REQUIREMENT:
Although the records contain pictures, none belong in the copy: restate word for word only the lines from the one with "AR/ VR for Commerce" through the one with "card_11546_series_23844_rarity_1_graph", both included.

(RECORDS begins)

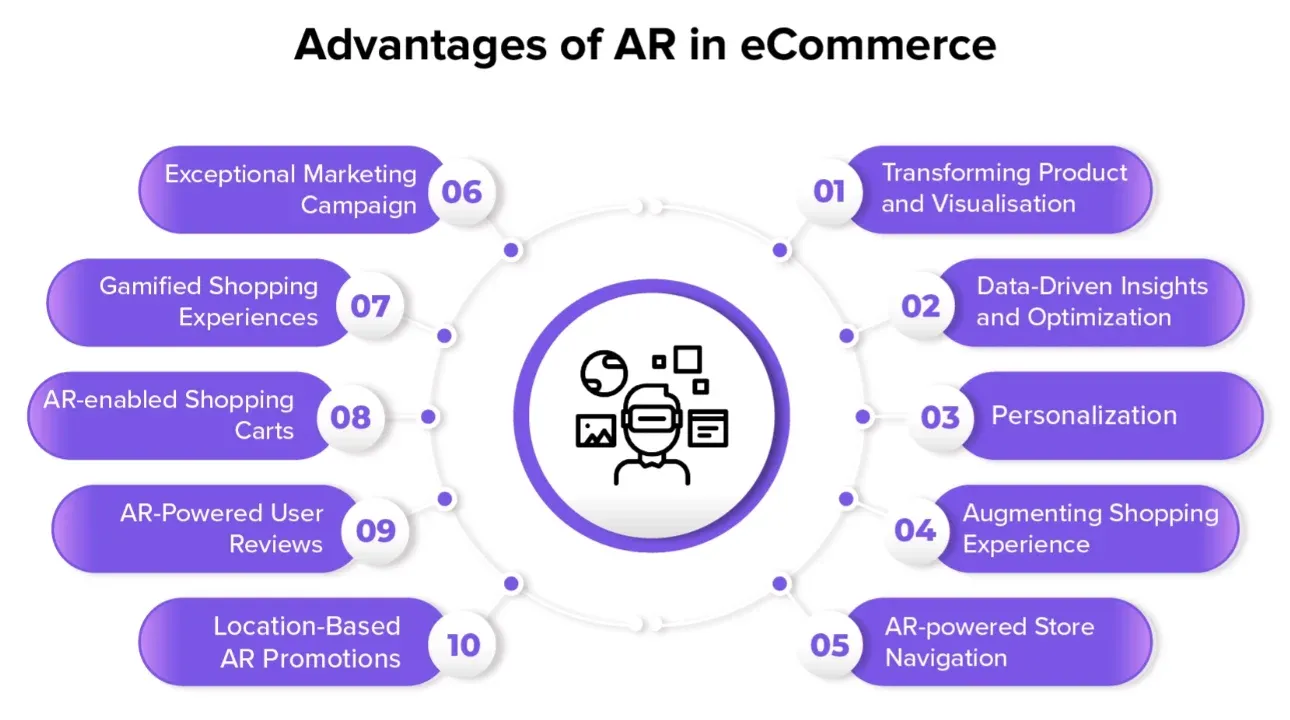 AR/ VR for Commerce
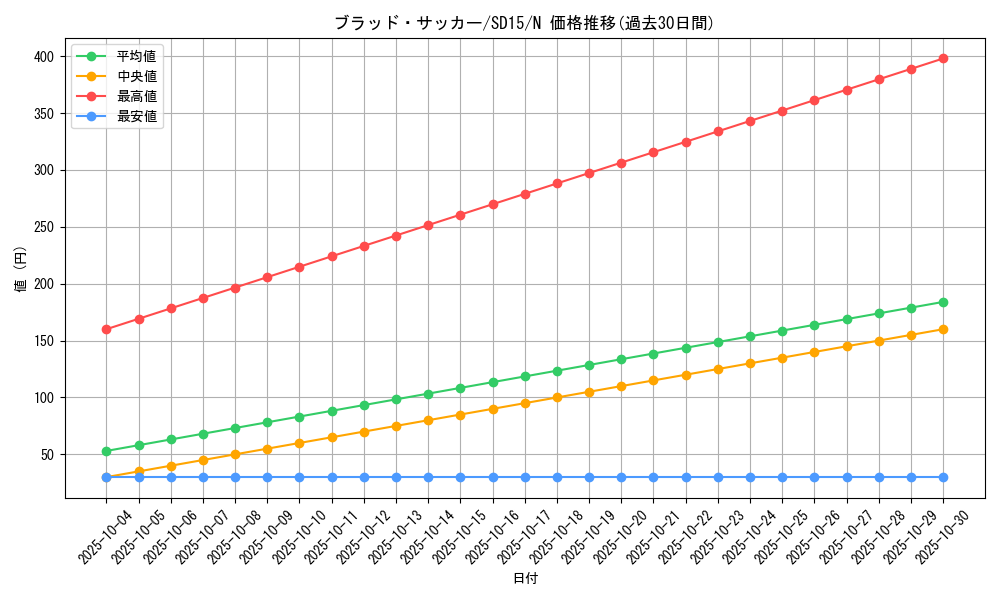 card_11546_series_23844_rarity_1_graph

(RECORDS ends)
(RECORDS begins)

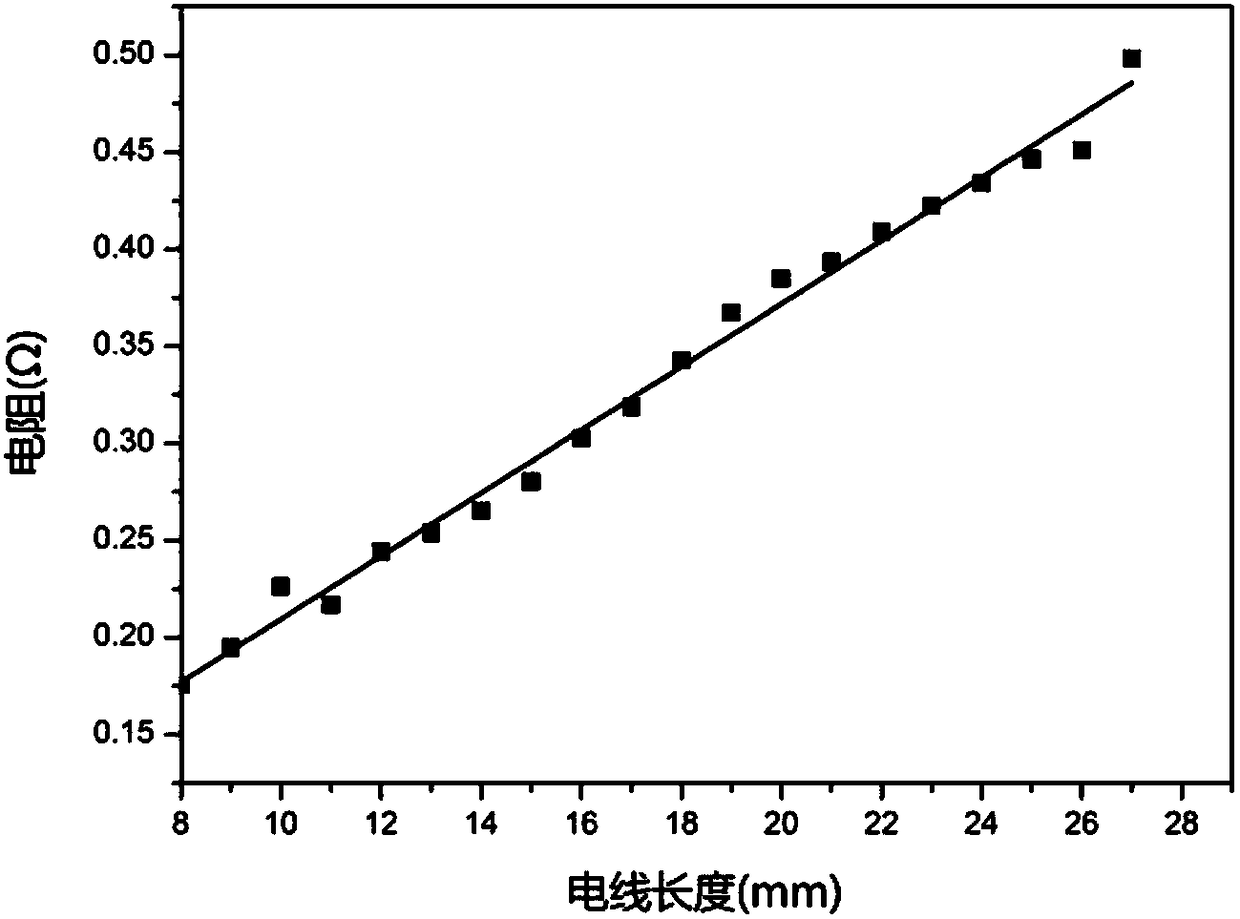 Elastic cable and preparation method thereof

(RECORDS ends)
(RECORDS begins)

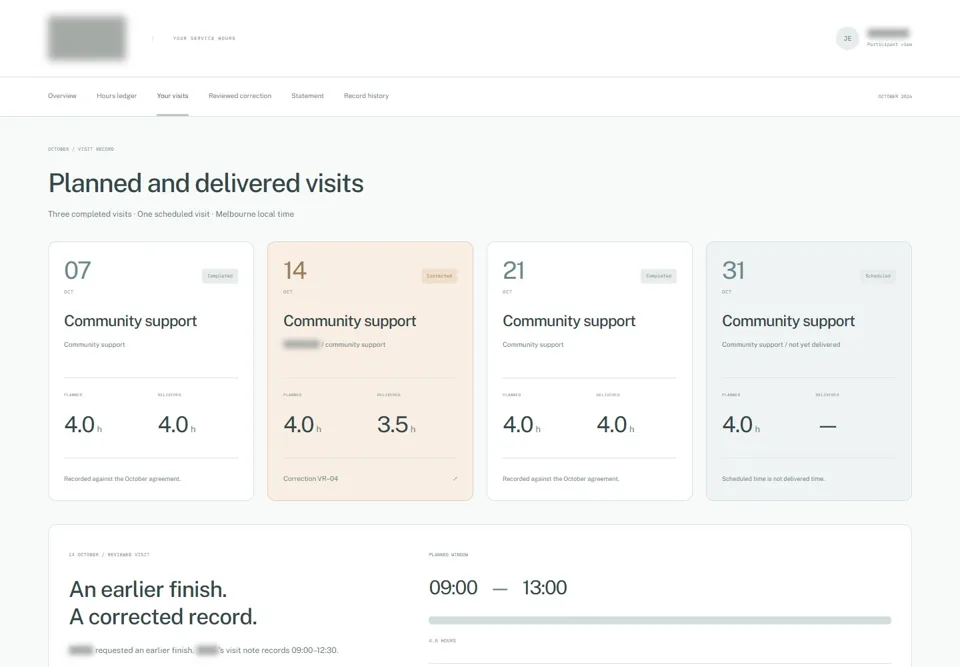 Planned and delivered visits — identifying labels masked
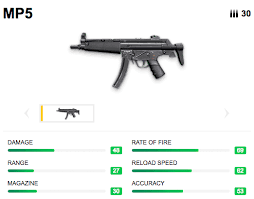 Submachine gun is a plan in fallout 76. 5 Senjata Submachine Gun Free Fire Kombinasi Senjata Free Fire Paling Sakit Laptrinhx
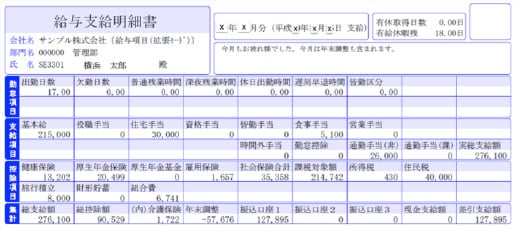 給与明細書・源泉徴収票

(RECORDS ends)

SOLVED PROBLEM:
 AR/ VR for Commerce
 card_11546_series_23844_rarity_1_graph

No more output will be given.